As I can see loss value is decreasing over time, so the model is training. On the other hand train and validation metrics are still zero. Will they increase if let training to continue until it stops?

Is it possible that you overwrite good pre-trained checkpoint (on ontonotes) with model with low validation scores (on your data)?

Hi!

sometimes, I am able to train the model with the same data and same code. During that time, it shows train and val f1 score correctly. And the model is giving expected output on unseen data.

But sometimes, I am getting the above type error. When I am getting this type of f1 score, the model is not behaving as expected. it is not learning anything from the given data.

I am not able to figure out the issue as it is behaving differently with the same code and data

Also, in my understanding, the new checkpoint will be saved only if the val f1 score is greater than that of the existing model check point

Yes, at the start of training initial checkpoint is evaluated and new model will be saved only if metrics are improved.
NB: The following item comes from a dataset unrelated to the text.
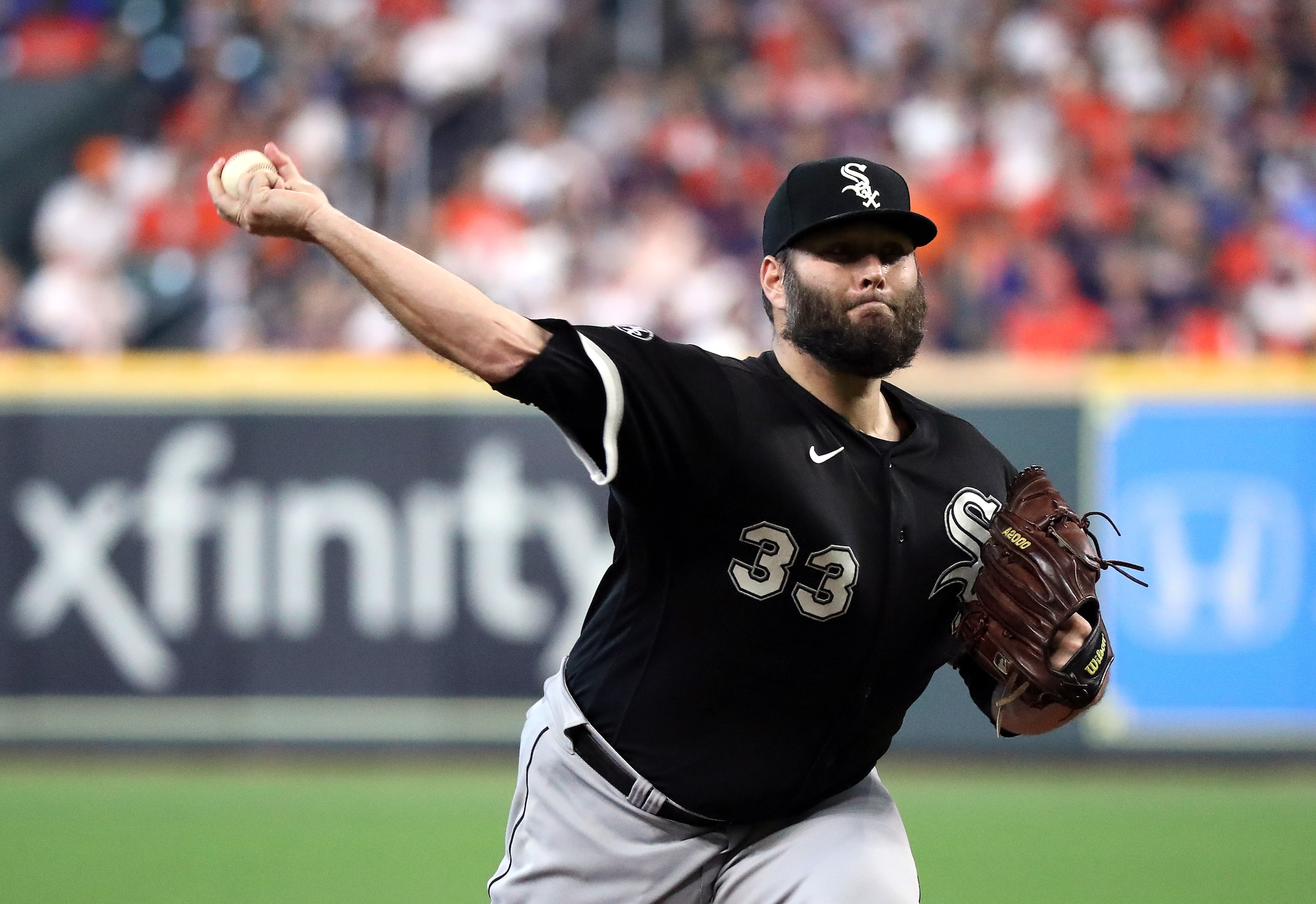 HOUSTON, TEXAS - OCTOBER 07: Starting pitcher Lance Lynn #33 of the Chicago White Sox pitches during the 1st inning of Game 1 of the American League Division Series against the Houston Astros at Minute Maid Park on October 07, 2021 in Houston, Texas. (Photo by Bob Levey/Getty Images) HOUSTON, TEXAS - OCTOBER 07: Starting pitcher Lance Lynn #33 of the Chicago White Sox pitches during the 1st inning of Game 1 of the American League Division Series against the Houston Astros at Minute Maid Park on October 07, 2021 in Houston, Texas. (Photo by Bob Levey/Getty Images)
But sometimes, I am getting the above type error. When I am getting this type of f1 score, the model is not behaving as expected. it is not learning anything from the given data.

I am not able to figure out the issue as it is behaving differently with the same code and data

It is hard to guess, but the reason could be random initialization of the classification head. This can be checked by setting random seeds for the model. Also, to make it more reproducible, random seed for dataset iterator should be set. Removing all kinds of randomness would help with investigating.

Not sure how to help you more in this case.